An Arab-Israeli journalist was released to house arrest on Thursday, days after he was arrested after returning from Lebanon, where he attended a conference for a newspaper he writes for.
In addition to his five days of house arrest, Majd Kayyal is banned from using the Internet for 20 days and is subject to a travel ban.
On Thursday, the Haifa Magistrate’s Court lifted a gag order on the arrest of Kayyal, a freelance journalist who was taken into custody while trying to enter Israel from Jordan after having spent almost three weeks in Lebanon.

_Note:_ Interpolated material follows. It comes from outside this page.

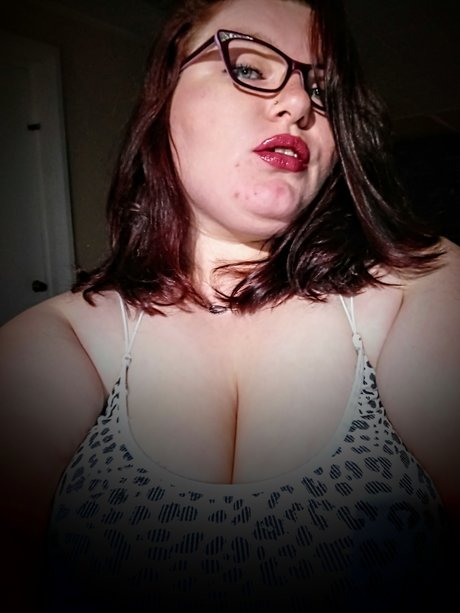 Nahá fotka uniklých OnlyFans od Sundrop Kisses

The Shin Bet (Israel Security Agency) said a few hours before Kayyal’s release on Thursday that the 24-year-old Haifa native had used a travel document from the Palestinian Authority to journey from Amman to Beirut on March 24, and that there was suspicion that a Lebanese terrorist organization may have tried to recruit him. They pointed out that Kayyal had participated in a small Gaza protest flotilla in 2011, sailing toward the coastal territory before Israeli authorities arrested and questioned him.
Following his trip to Lebanon, Kayyal could face charges of traveling to an enemy state.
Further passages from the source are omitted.